MOSCOW, December 20 - RAPSI. Russian Children's Rights Commissioner Pavel Astakhov has urged the government and society to take all measures so as to ensure a decent future for orphans in Russia.
"It is shameful to export our children. In deciding to ban foreigners from adopting Russian children, we need to realize that we can no longer pin our hopes on foreigners coming to save our children. The government and society need to make more effort to ensure Russian orphans have decent lives, a good education, effective social support measures and a good future ahead of them," Astakhov said, commenting on the adopted law.

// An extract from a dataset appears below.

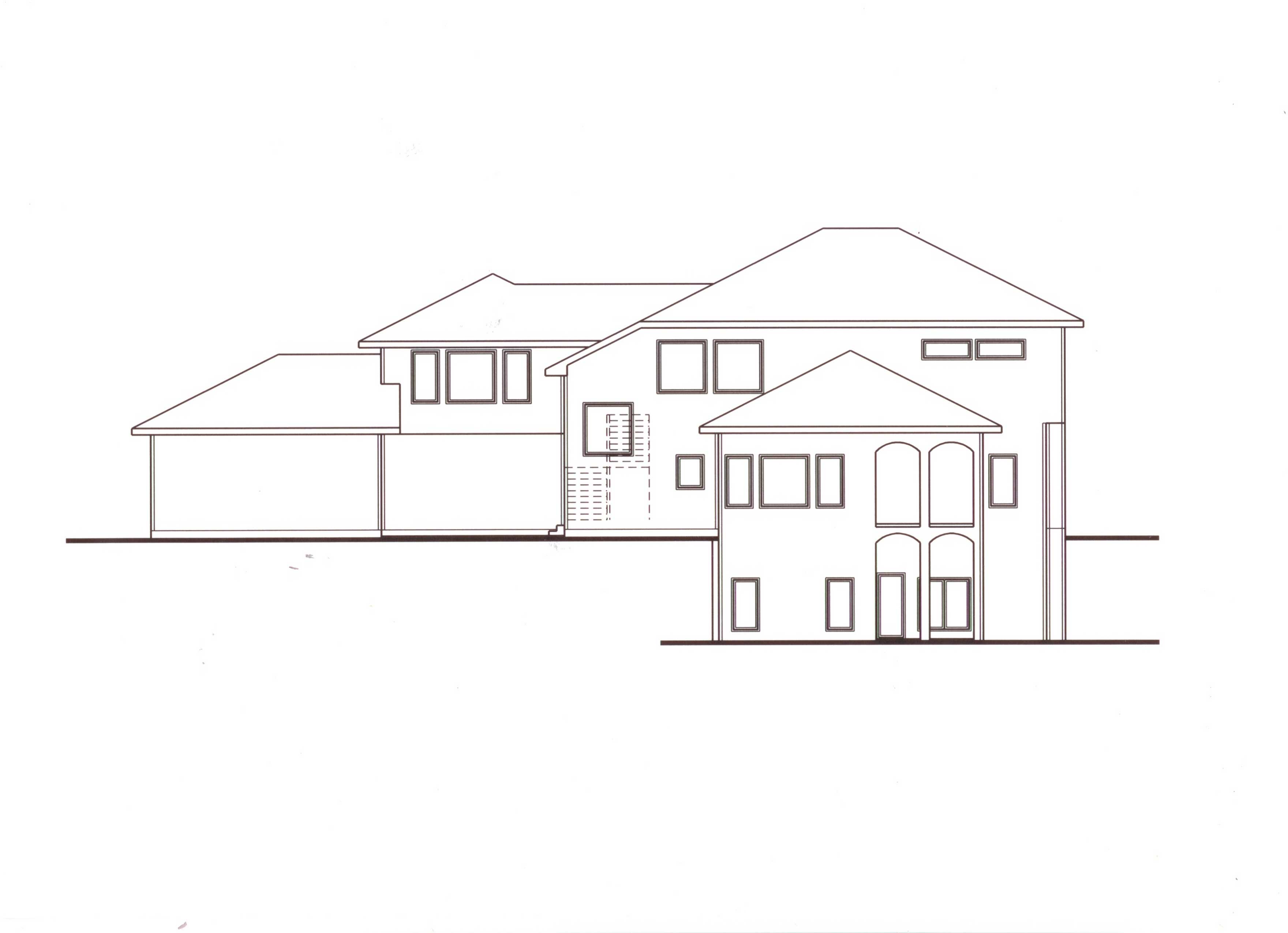 Home Plan Rear Elevation of this 5-Bedroom,4566 Sq Ft Plan -100-1189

The commissioner added that this entails supporting large families and children with disabilities. All orphans should be placed in families, with the use of orphanages significantly reduced and adoption within Russia better supported.
On Wednesday the State Duma approved an amendment prohibiting Americans from adopting Russian children in the second reading.
The amendment will close adoption agencies and will terminate the U.S.-Russian agreement on the child adoption. Deputies approved the bill in response to the Magnitsky Act in the first reading on December 14. The law will come into effect in 2013.
The bill also includes measures against U.S. citizens who violated the rights of Russians, committed crimes against them, or were involved in these types of crimes. The document also envisages the drafting of a list of U.S. citizens who will be prohibited from entering Russia, and will suspend the activity of any legal entities controlled by these individuals in the country.
On December 6, the U.S. Senate approved the Magnitsky Act, which stipulates visa sanctions for Russian citizens who, according to the Senate, have been involved in human rights violations.
United Russia party members have called the law drawn up in response to the Magnitsky Act the "Dima Yakovlev Law", in memory of a two-year-old boy who died in Virginia after his foster father left him in a locked car in the sun. They have also said that the law commemorates all underaged Russians who died or suffered as a result of negligence on the part of their U.S. foster parents.